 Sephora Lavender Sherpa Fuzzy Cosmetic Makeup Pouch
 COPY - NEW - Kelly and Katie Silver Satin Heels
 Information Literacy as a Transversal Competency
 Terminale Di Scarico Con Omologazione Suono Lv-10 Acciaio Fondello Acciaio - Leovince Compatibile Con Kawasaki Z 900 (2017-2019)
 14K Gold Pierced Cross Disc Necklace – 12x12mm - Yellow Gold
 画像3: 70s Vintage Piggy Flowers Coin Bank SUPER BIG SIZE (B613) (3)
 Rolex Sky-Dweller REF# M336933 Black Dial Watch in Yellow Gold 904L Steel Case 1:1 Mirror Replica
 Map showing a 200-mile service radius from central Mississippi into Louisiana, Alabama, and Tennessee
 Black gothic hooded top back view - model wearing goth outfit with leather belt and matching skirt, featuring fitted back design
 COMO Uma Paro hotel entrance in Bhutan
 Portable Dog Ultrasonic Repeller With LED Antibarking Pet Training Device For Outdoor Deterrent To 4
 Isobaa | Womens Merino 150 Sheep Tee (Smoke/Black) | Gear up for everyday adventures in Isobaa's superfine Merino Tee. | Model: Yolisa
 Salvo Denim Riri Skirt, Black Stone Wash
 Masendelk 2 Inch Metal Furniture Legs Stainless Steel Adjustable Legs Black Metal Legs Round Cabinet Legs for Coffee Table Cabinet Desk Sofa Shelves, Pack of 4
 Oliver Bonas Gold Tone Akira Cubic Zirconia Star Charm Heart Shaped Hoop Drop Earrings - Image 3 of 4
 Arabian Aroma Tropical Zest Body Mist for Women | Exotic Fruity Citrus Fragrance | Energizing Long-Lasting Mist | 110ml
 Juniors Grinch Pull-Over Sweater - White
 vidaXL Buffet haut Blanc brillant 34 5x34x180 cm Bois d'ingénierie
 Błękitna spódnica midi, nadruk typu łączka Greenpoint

☆ ☆ ☆

Now write the data shown above out again, word for word.

● Written response
 Sephora Lavender Sherpa Fuzzy Cosmetic Makeup Pouch
 COPY - NEW - Kelly and Katie Silver Satin Heels
 Information Literacy as a Transversal Competency
 Terminale Di Scarico Con Omologazione Suono Lv-10 Acciaio Fondello Acciaio - Leovince Compatibile Con Kawasaki Z 900 (2017-2019)
 14K Gold Pierced Cross Disc Necklace – 12x12mm - Yellow Gold
 画像3: 70s Vintage Piggy Flowers Coin Bank SUPER BIG SIZE (B613) (3)
 Rolex Sky-Dweller REF# M336933 Black Dial Watch in Yellow Gold 904L Steel Case 1:1 Mirror Replica
 Map showing a 200-mile service radius from central Mississippi into Louisiana, Alabama, and Tennessee
 Black gothic hooded top back view - model wearing goth outfit with leather belt and matching skirt, featuring fitted back design
 COMO Uma Paro hotel entrance in Bhutan
 Portable Dog Ultrasonic Repeller With LED Antibarking Pet Training Device For Outdoor Deterrent To 4
 Isobaa | Womens Merino 150 Sheep Tee (Smoke/Black) | Gear up for everyday adventures in Isobaa's superfine Merino Tee. | Model: Yolisa
 Salvo Denim Riri Skirt, Black Stone Wash
 Masendelk 2 Inch Metal Furniture Legs Stainless Steel Adjustable Legs Black Metal Legs Round Cabinet Legs for Coffee Table Cabinet Desk Sofa Shelves, Pack of 4
 Oliver Bonas Gold Tone Akira Cubic Zirconia Star Charm Heart Shaped Hoop Drop Earrings - Image 3 of 4
 Arabian Aroma Tropical Zest Body Mist for Women | Exotic Fruity Citrus Fragrance | Energizing Long-Lasting Mist | 110ml
 Juniors Grinch Pull-Over Sweater - White
 vidaXL Buffet haut Blanc brillant 34 5x34x180 cm Bois d'ingénierie
 Błękitna spódnica midi, nadruk typu łączka Greenpoint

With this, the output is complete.